A “cama que fizemos” faz parte de um karma, faz parte de uma de nossas estórias, faz parte do que fomos ou sabiamos, sim.
Mas o presente faz parte do que agora somos ou sabemos,  da estória que escrevemos então na consciência deste “momento agora”
Deitar na cama que fizemos não é mais do viver aprisionado no passado, no ser vítimas de um destino que não controlamos no momento agora.
No “StarShamanismo” –  Xamanismo das estrelas – acreditamos que o passado, o presente e o futuro acontecem no mesmo tempo cósmico pelo que em cada  “agora” somos a refazer as “camas onde nos deitamos”.

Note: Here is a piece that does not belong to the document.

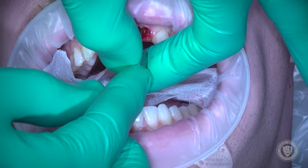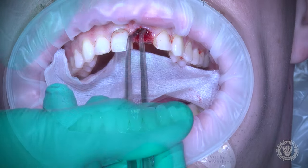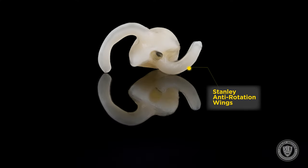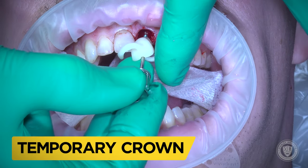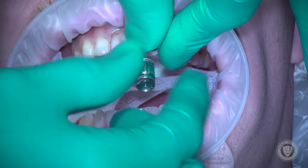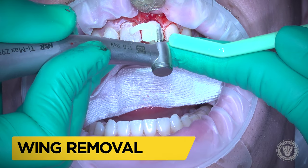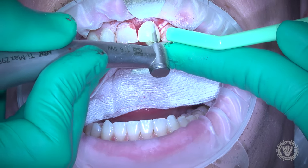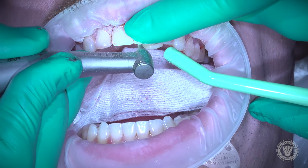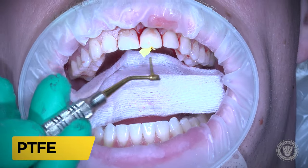After that's done, we're going to very delicately retrieve that healing cap. In this particular case, we have created a Stanley anti-rotation wings product. These wings are temporary on our provisional, which was made before the surgery off of the digital file. When we tighten this into place, the wings will prevent the crown from rotating, because we're using a non-hexed abutment — meaning there's no anti-rotation at the abutment-to-implant interface. The wings are removed quickly: come in with a coarse diamond, knock the wings off, polish with a soft flex disc, and you're done in just a few seconds.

Ser-se pleno no criar, no recriar, no co-criar da nossa estória pessoal e partilhada. E dessa plenitude resulta a consciencia de quem agora somos, do que agora refletimos, do que agora fazemos refletir e no que agora nos refletimos – em perpétuo e contínuo movimento de libertação de julgamentos e medos de “camas que fizemos”.
A libertação a que a espiritualidade starshamanica nos inspira é uma real alternativa à manipulação a que o ser humano se sujeita em termos sociais, económicos, políticos ou religiosos. Não concebo espiritualidade como meio de aprisionar ou condicionar espiritos ou a sua forma humana, as mentes, mas sim como um instrumento de aumento da nossa perceção do “horizonte de eventos” da alma
A forma como nos libertamos da manipulação é um não procurar tanto de respostas mas, ao invés, caminhar em reconhecimento  das perguntas.
Na verdade, não interessam as respostas mas muito mais interessam as perguntas: as respostas são pântanos proprícios a doenças epidémicas e as perguntas são rios que fluem em direção ao oceano da sabedoria
Essa é uma das caracteristicas da espiritualidade livre em comparação, por exemplo, com as religiões tradicionais. Sim, é mais cómodo obter respostas aparentemente formatadas aos nossos interesses mas que no fundo apenas servem para a gestão dos poderes ocultos ou pardos. E tudo o que condiciona, tudo o que julga, é perda de energia pessoal de co-criação e sóo faz se o aceitares.
A alma é manipulada “de fora” através do medo e dos julgamentos. Quando “se vende a alma” ao que “está fora” perde-se o livre arbítreo que reflete “o que está dentro”.  Os “poderes pardos” que tentam controlar o espírito encarnado funcionam desde a data da criação do ADN da forma humana e cabe aos visionários iluminados fazer o alerta sobre os processos de resgate possíveis. É na recuperação desse poder pessoal de co-criar o universo que nos aproxima de casa, do divino que somos.
A “normalidade” que formata os seres à imagem de um poder externo que manipula nunca pode ser espiritual. Um Ser consciente da sua espiritualidade é provocador, não se enquadra no conservadorismo das posturas radicais que diminuem a aceitação de ideias e sentires novos.
Ser espiritual é Ser divino.
Ser divino é também reconhece-lo em toda a vida sensivel e colaborar para a sua libertação das camas em que o “externo a nós” quer que se deitem.  Eis a tua missão!